● Task prompt
Look for the line containing "ラーメン凪 豚王 大宮店 - おもてなしシート" and the line containing "187-309 ZEMZEM TAKIMI" in the entries below. Copy those two and all lines between them exactly, leaving out pictures.

● Supplied data
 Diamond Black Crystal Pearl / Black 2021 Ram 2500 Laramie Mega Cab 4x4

==

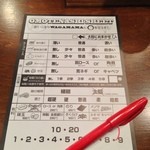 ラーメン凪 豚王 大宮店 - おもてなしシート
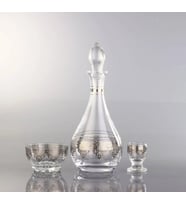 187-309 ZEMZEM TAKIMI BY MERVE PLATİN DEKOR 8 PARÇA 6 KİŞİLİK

...

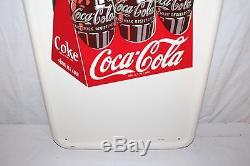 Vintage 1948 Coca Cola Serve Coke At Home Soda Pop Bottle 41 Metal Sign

● Response to the exercise
 ラーメン凪 豚王 大宮店 - おもてなしシート
 187-309 ZEMZEM TAKIMI BY MERVE PLATİN DEKOR 8 PARÇA 6 KİŞİLİK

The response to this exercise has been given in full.